Records supplied ▸

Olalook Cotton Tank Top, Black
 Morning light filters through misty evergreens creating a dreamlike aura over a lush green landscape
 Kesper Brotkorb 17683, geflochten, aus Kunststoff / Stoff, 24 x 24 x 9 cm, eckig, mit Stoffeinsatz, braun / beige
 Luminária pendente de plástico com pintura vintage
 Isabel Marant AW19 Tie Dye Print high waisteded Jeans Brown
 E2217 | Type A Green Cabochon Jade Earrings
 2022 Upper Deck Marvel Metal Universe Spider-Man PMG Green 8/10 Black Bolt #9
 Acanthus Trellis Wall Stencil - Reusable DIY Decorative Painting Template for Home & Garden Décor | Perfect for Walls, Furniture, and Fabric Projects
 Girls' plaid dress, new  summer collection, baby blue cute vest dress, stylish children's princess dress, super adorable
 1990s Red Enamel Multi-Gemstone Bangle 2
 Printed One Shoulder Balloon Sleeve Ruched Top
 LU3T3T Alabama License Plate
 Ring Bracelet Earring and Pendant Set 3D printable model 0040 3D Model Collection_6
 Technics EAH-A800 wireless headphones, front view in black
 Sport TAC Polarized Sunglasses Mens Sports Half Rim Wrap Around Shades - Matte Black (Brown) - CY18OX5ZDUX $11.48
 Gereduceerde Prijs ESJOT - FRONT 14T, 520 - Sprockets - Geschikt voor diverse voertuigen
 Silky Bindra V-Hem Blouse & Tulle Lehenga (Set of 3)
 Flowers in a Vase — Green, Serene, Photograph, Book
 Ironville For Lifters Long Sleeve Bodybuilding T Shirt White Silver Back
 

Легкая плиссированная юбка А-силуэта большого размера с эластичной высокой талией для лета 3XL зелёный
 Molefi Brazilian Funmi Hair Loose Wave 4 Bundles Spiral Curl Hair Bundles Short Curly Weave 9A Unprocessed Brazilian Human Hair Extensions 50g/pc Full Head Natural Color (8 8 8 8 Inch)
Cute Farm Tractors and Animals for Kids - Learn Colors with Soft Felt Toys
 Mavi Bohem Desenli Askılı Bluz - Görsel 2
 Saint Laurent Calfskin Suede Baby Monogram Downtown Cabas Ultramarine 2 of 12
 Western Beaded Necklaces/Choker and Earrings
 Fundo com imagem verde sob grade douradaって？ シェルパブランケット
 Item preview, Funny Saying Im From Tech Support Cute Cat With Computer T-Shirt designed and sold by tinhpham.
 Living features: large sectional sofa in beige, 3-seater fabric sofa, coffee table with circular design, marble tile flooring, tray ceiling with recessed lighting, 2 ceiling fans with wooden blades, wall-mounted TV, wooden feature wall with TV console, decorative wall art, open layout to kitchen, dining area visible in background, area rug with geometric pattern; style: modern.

Task item ▸ Only one span is wanted. It runs from the first line of the listing through the line with "Cute Farm Tractors", and each line must match exactly.

Response to the exercise ▸
Olalook Cotton Tank Top, Black
 Morning light filters through misty evergreens creating a dreamlike aura over a lush green landscape
 Kesper Brotkorb 17683, geflochten, aus Kunststoff / Stoff, 24 x 24 x 9 cm, eckig, mit Stoffeinsatz, braun / beige
 Luminária pendente de plástico com pintura vintage
 Isabel Marant AW19 Tie Dye Print high waisteded Jeans Brown
 E2217 | Type A Green Cabochon Jade Earrings
 2022 Upper Deck Marvel Metal Universe Spider-Man PMG Green 8/10 Black Bolt #9
 Acanthus Trellis Wall Stencil - Reusable DIY Decorative Painting Template for Home & Garden Décor | Perfect for Walls, Furniture, and Fabric Projects
 Girls' plaid dress, new  summer collection, baby blue cute vest dress, stylish children's princess dress, super adorable
 1990s Red Enamel Multi-Gemstone Bangle 2
 Printed One Shoulder Balloon Sleeve Ruched Top
 LU3T3T Alabama License Plate
 Ring Bracelet Earring and Pendant Set 3D printable model 0040 3D Model Collection_6
 Technics EAH-A800 wireless headphones, front view in black
 Sport TAC Polarized Sunglasses Mens Sports Half Rim Wrap Around Shades - Matte Black (Brown) - CY18OX5ZDUX $11.48
 Gereduceerde Prijs ESJOT - FRONT 14T, 520 - Sprockets - Geschikt voor diverse voertuigen
 Silky Bindra V-Hem Blouse & Tulle Lehenga (Set of 3)
 Flowers in a Vase — Green, Serene, Photograph, Book
 Ironville For Lifters Long Sleeve Bodybuilding T Shirt White Silver Back
 

Легкая плиссированная юбка А-силуэта большого размера с эластичной высокой талией для лета 3XL зелёный
 Molefi Brazilian Funmi Hair Loose Wave 4 Bundles Spiral Curl Hair Bundles Short Curly Weave 9A Unprocessed Brazilian Human Hair Extensions 50g/pc Full Head Natural Color (8 8 8 8 Inch)
Cute Farm Tractors and Animals for Kids - Learn Colors with Soft Felt Toys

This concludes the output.